Transport properties

Fractional effects in nanotubes explained

03 Mar 2000

Physicists from the UK and the US have come up an explanation for the unusual conducting properties observed in carbon nanotubes. Stefano Sanvito from Lancaster University in the UK and co-workers have discovered that defects and quantum interactions between the different carbon layers in multiwall nanotubes block some of the conductance channels in the tubes. Their results explain the unexpected conductance values measured in recent experiments (Phys. Rev. Lett. 84 1974).

The quantum of conductance, G0, is defined by a simple equation: G0=2e2/h, where e is the charge on the electron and h is the Planck constant. The conductance of an individual nanotube is predicted to be 2G0, but experiments on multiwall nanotubes have measured odd multiples of G0 and, in some cases, fractional values. Sanvito and co-workers have carefully analyzed these experiments, in which Walt de Heer of Georgia Tech in the US and co-workers connected a multiwall nanotube to the gold tip of a scanning tunnelling microscope and immersed it in liquid mercury. When the tube touched the mercury, a circuit was formed that allowed precise conduction experiments to be made.

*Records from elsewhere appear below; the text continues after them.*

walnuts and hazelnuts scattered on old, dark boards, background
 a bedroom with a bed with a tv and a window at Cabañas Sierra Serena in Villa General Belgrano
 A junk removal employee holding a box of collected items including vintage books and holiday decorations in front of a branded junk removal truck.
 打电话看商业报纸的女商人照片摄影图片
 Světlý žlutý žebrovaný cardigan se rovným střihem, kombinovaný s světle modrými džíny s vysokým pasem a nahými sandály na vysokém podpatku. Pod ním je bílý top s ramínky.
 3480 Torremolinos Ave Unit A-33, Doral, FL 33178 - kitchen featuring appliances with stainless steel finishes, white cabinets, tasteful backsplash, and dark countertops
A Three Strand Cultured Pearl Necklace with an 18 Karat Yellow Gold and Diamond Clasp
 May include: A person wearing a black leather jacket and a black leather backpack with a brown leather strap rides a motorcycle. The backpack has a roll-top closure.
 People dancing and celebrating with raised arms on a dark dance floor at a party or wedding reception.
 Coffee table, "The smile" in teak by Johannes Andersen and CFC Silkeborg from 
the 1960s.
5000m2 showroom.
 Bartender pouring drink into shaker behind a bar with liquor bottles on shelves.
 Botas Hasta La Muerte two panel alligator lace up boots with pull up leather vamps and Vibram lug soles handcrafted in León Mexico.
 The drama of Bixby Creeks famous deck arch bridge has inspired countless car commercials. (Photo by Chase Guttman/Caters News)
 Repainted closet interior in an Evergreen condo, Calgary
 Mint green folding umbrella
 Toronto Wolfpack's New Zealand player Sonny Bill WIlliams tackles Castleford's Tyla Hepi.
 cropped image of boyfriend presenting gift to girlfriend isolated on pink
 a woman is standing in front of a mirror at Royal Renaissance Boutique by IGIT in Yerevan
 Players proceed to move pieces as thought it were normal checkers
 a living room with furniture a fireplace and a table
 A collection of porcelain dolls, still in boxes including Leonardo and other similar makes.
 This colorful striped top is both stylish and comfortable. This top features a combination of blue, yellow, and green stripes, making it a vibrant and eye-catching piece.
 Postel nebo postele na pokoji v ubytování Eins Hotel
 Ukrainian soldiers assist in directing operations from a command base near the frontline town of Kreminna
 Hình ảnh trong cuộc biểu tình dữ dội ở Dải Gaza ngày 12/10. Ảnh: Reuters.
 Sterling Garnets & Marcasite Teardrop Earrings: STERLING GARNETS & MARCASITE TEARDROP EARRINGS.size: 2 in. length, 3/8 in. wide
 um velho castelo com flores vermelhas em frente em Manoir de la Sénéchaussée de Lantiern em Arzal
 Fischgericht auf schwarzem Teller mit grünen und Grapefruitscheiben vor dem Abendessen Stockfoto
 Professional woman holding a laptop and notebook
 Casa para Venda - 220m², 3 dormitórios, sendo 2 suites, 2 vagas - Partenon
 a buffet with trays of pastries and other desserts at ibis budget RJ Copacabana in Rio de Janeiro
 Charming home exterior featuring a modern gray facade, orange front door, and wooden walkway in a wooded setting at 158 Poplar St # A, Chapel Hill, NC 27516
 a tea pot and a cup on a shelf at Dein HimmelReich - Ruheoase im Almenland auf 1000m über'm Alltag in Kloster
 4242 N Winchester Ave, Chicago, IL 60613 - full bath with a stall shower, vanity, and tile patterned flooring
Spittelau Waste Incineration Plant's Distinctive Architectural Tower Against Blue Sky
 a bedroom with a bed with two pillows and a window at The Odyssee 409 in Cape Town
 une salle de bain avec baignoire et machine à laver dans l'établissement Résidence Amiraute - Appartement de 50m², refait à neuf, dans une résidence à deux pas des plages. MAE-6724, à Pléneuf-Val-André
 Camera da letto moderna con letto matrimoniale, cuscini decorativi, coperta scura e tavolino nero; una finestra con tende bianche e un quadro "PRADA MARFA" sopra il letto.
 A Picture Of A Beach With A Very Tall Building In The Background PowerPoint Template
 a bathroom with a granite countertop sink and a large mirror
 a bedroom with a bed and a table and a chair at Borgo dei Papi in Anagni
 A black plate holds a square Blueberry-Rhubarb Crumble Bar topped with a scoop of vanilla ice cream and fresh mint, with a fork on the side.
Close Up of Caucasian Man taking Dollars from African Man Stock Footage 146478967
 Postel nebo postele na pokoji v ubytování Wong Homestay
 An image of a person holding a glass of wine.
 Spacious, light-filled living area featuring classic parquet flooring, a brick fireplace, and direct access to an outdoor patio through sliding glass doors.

According to Sanvito and co-workers, the data can only be explained if two experimental conditions occur. First, the current must only be injected from the gold tip to the outermost layer of the nanotube. Second, the number of carbon layers in contact with the mercury must depend on the immersion depth. They find that fractional conductance can occur in multiwall nanotubes due to interwall interactions that modify the electron density of states near the Fermi level, and due to inhomogenities in the nanotubes.